With that understanding of the word the song is all the more humorous. A
mid-nineteenth century audience would find the idea of a horserace in such a
place to be very funny (also that there would be ladies there is ridiculous).
The urban audiences of the early minstrels would know about camptowns, whereas
they would not know of tiny Camptown, Pennsylvania. This is not to say that
Foster did not remember the Camptown of his school days. So maybe for him there
was a double meaning.
It certainly is interesting that there was a horse race in Camptown, PA,
epecially since the race track was five miles long. The first two lines of the
song reads: "De Camptown ladies sing dis song, doo-dah! doo-dah! De Camptown
racetrack five miles long, Oh! doo-dah day." The length of the track is
mentioned again in the fourth verse: "See dem flyin' on a ten mile heat,
doo-dah! doo-dah! Round de race track, den repeat, Oh! doo-dah day!"

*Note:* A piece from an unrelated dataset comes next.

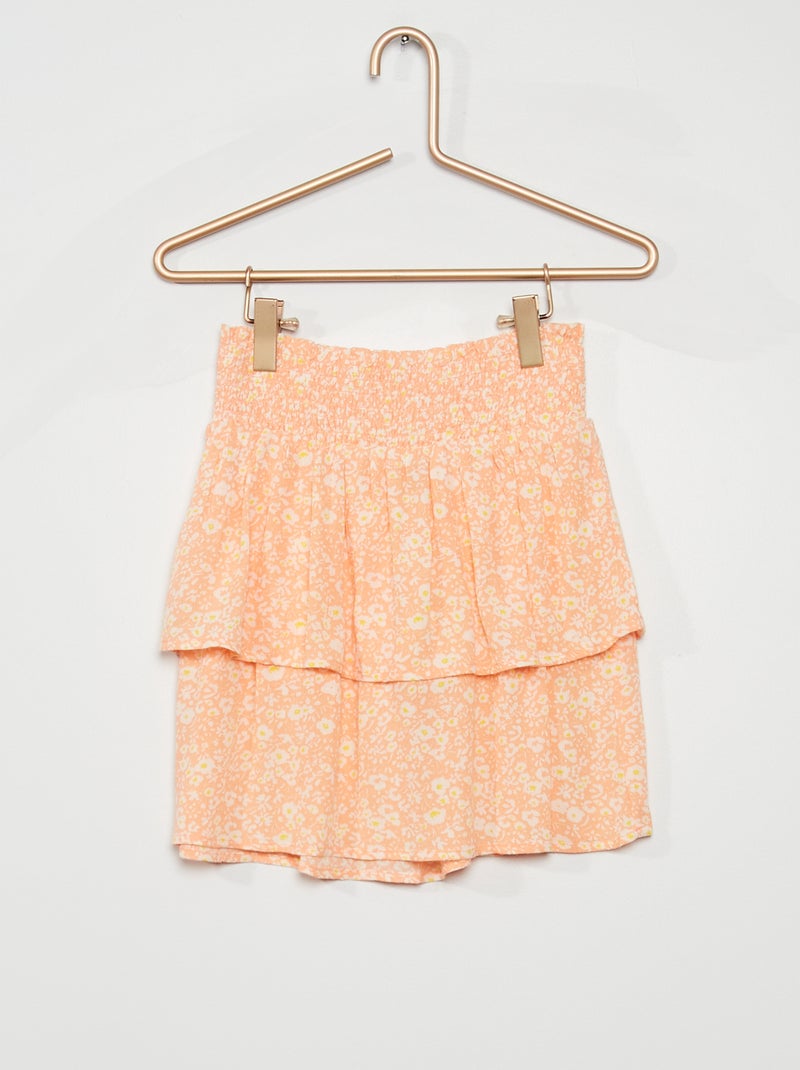 Falda corta con volante NARANJA - Kiabi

Also, the original sheet music has Camptown capitalized -- an actual place and
not a generic camptown. -- Daniel
Quoting Duane Campbell <dcamp911 at juno.com>:
~
~ On Tue, 11 Nov 2003 08:15:20 -0800 dpmstrel at bayarea.net writes:
~ > Dear Mr. Campbell -- I've heard that some people think that Foster
~ > was referring
~ > to Camptown, PA in his song, "De Camptown Races" but have found no
~ > mention of
~ > this in historical documents. Could you direct me to a historian in
~ > your area
~ > who may be able to help me with this? -- Daniel
~
~ That would probably be, um, well, me. You are right; there has never been
~ found any documentary evidence that the song was based on Camptown,
~ Pennsylvania, but it seems reasonably certain.
~
~ Stephen Foster lived in Towanda when he was 14-15 years old. His brother
~ was the chief engineer building a canal along the Susquehanna River.

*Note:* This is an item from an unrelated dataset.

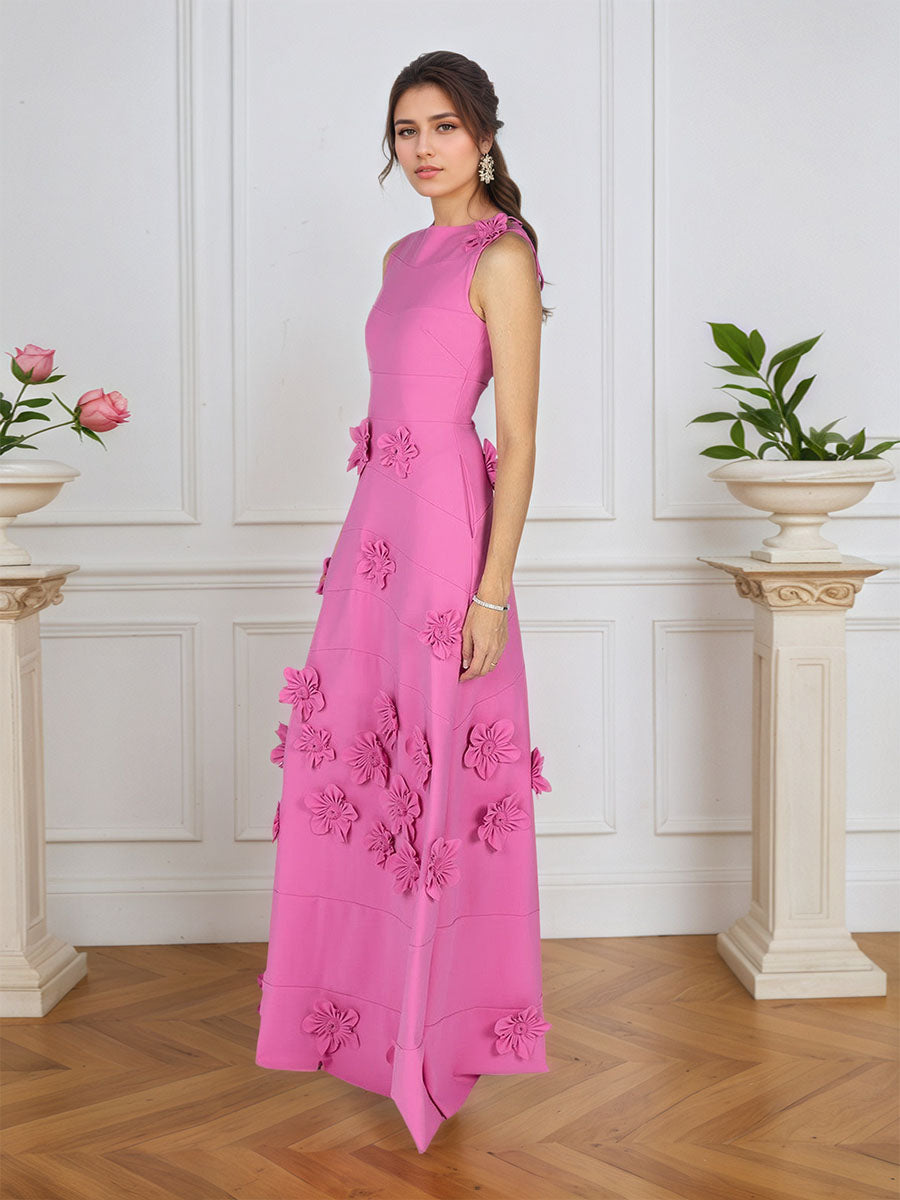 Lavender Boat Neck Formal Gown with Cascading 3D Flowers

~ Foster attended the Towanda Academy (a history of Camptown says he
~ attended the Susquehanna Collegiate Institute, but that is wrong) and
~ later the Athens Academy, 16 miles north, as work on the canal advanced.

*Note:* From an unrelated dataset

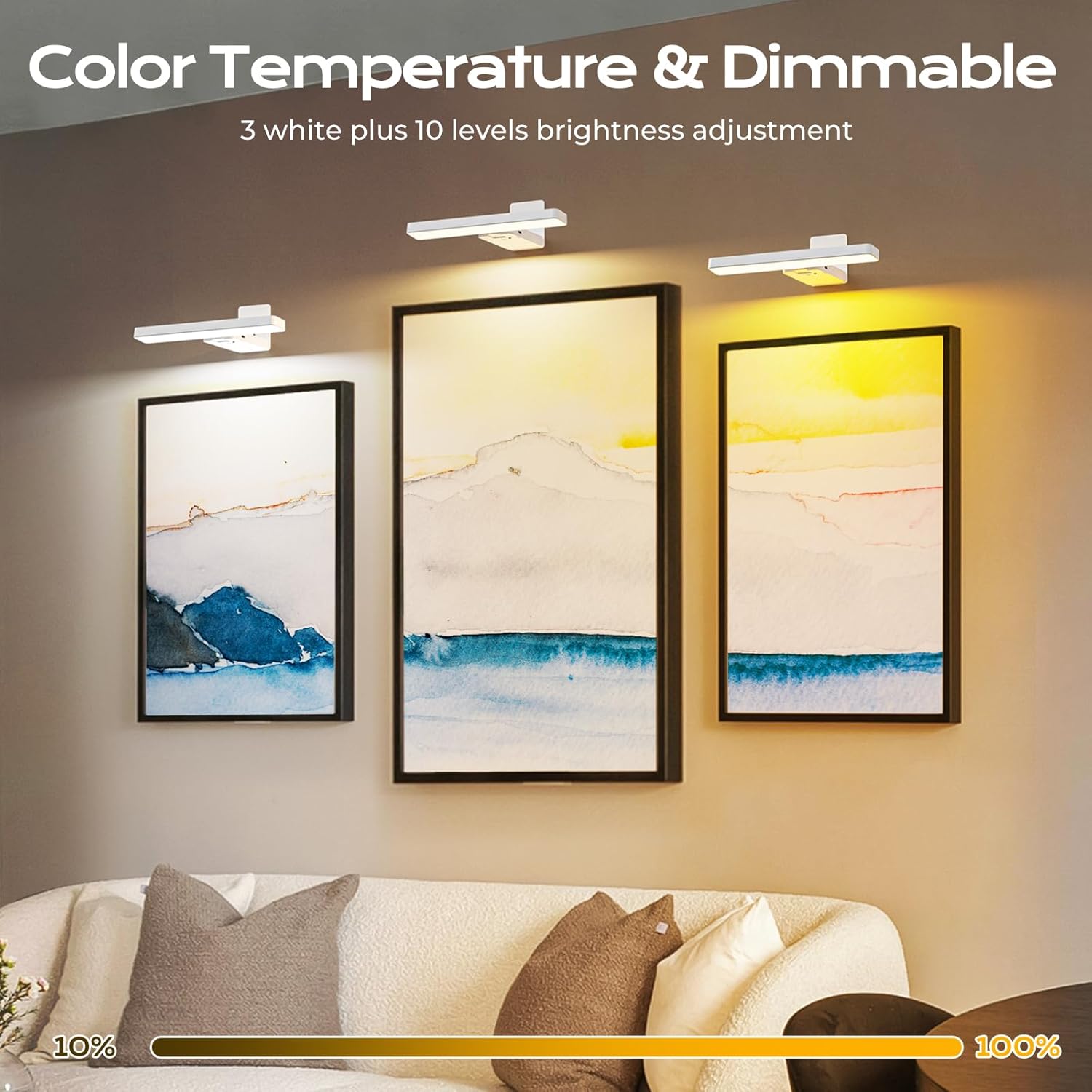 Thumbnail 2 de Picture Light for Wall battery-operated cordless dartboard & artwork lights (2-pack) with remote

~ Athens is the location of Tioga Point. Incidentally, that would have put
~ him in Towanda at the same time as David Wilmot, a founder of the Free
~ Soil Party and author of the Wilmot Proviso, if you are interested in
~ that period.
~
~ Fifteen miles away is Camptown, where a famous annual horserace was held.
~ It was a five mile straight line race between Camptown and Wyalusing on a
~ narrow track following the Wyalusing Creek. It was unusual in that it was
~ a timed race, i.e., the horses did not race in a bunch but rather one at
~ a time with the fastest time winning the race. That much is well
~ established, but just how they timed it (which no one seems to question)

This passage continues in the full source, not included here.